In order to further document the potential of this dynamic transcriptome response to mediate cross-talk between nitrate signaling and other well-studied signaling pathways in plants, we evaluated if the gene sets regulated by NO3- at the different time points in our analysis overlap more than expected by chance with genes regulated by hormones using data generated by the Chory lab [29]. To do this, we compared the nitrate-regulated gene lists (over six time points) with the lists of hormone-regulated genes [29] and generated a matrix that assembled the randomization test P-values (see Materials and methods) between each pair of gene lists. The lists included genes regulated by NO3- across each of the six time points (our study), and lists of genes regulated by seven different hormones by the Chory lab (abscisic acid, cytokinins, auxin (IAA), methyl jasmonate, brassinolides, gibberellic acid, ethylene)] [29]. These results (Figure 3) lead to three main conclusions supporting the existence of gene modules responding to nitrate and hormone signaling.

Figure 3

Identification of NO 3 - response and hormonal cross-talk modules. (a) For each pair of gene lists (NO3- responsive (this work) or hormone responsive [29]), a P-value (randomization test; see Materials and methods) was computed and is shown in the table below the blue diagonal. Entries in the blue diagonal give the gene list size in number of genes. Above the diagonal the size of the intersection of each pair of studied gene lists is given. Note that P-value = 0 means P-value < 0.001. Analysis of the P-values included within the yellow outline led to the building of gene modules depicted in the conceptual model provided in (b). ABA, absisic acid; ACC, 1-aminocyclopropane-1-carboxylic-acid (ethylene precursor); BL, brassinolides; CK, cytokinins; GA, gibberellic acid; IAA, indole acetic acid (auxin); MJ, methyl jasmonate.

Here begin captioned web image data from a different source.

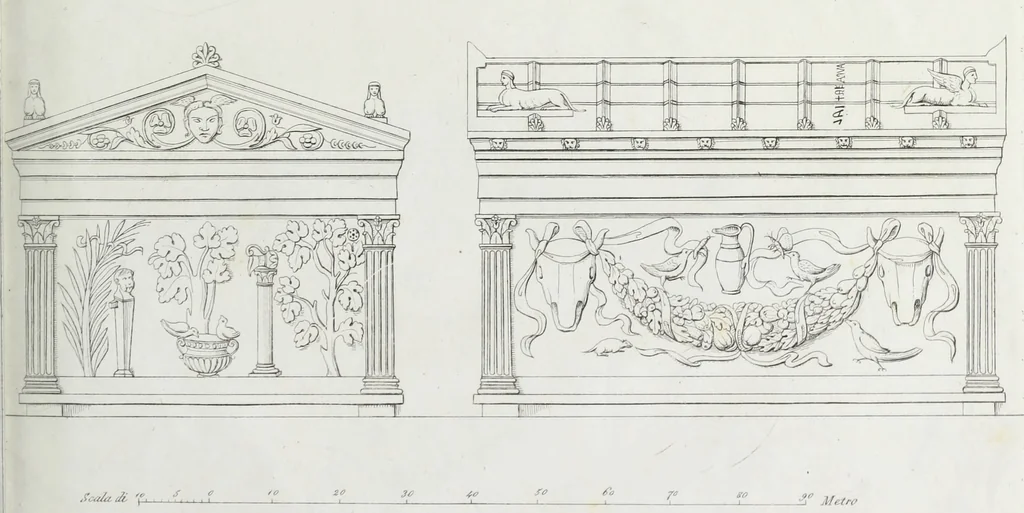 An illustration from Il Sepolcro dei Volunni scoperto in Perugia nel febbrajo del 1840 : ed altri monumenti inediti etruschi e romani ..., 1840, leaf 78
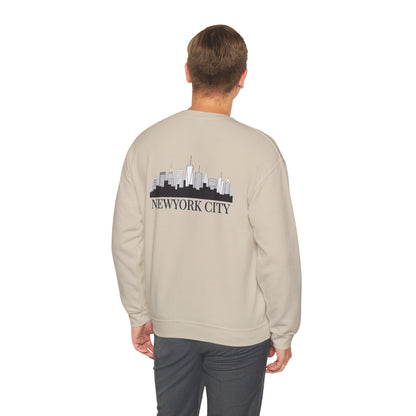 New York City Skyline Crewneck Sweatshirt — Statue of Liberty Chest Graphic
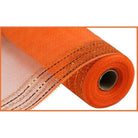 Shop For 10.5" Border Stripe Tinsel Mesh Ribbon: Orange (10 Yards)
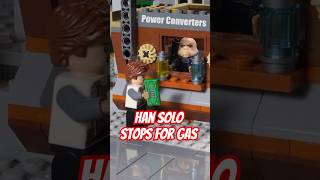 YouTube thumbnail: Han Solo stops for gas #shorts #LEGO #stopmotion #starwars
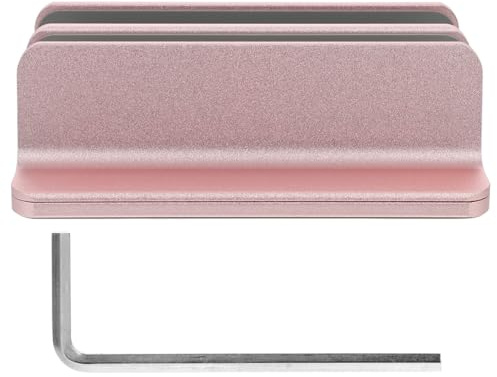 KONTONTY Adjustable Vertical Laptop Stand 2-slot Pink Aluminum Alloy | Desktop Organizer for Home or Office, Stable Base for Laptop and Cell Phone, Supports Tablet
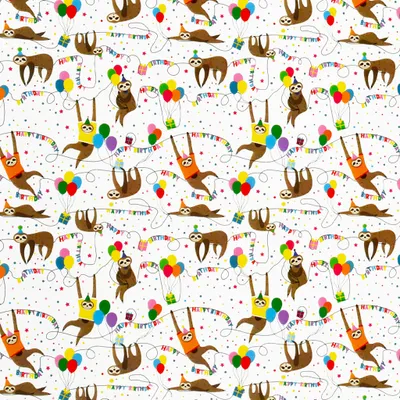 Produktbild von Geschenkpapier Happy Birthday mit Faultier Motiv 70cm x 2m Rolle Bunt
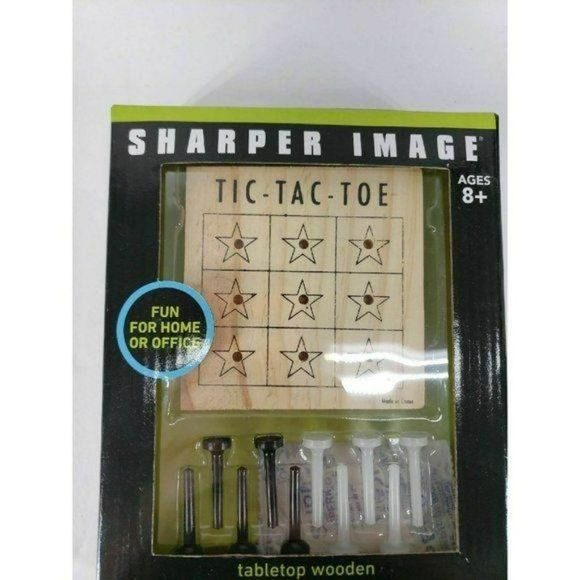 Sharper image Tabletop Tic Tac Toe Game Wooden - Picture 2 of 3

First, we considered only the overlap between the NO3--responsive gene lists at different time points. We found evidence for two linked 'modules' of nitrate-regulated gene expression (modules 1 and 2 in Figure 3b). The first nitrate-regulated module consists of the nitrate-regulated genes in the union of the 3- and 6-minute gene lists. The overlap between these two lists is far beyond what we would expect by chance (P-value < 0.001). However, the 3-minute gene list overlaps very little with the rest of the nitrate-regulated genes in the time-course study. As such, the second nitrate-regulated module is made up of the union of the 6-, 9-, 12-, 15-, and 20-minute gene lists (these gene lists overlap significantly more than random). The 6-minute gene list acts as the link between the very early nitrate-response genes (before 6 minutes) and the more delayed ones (after 6 minutes).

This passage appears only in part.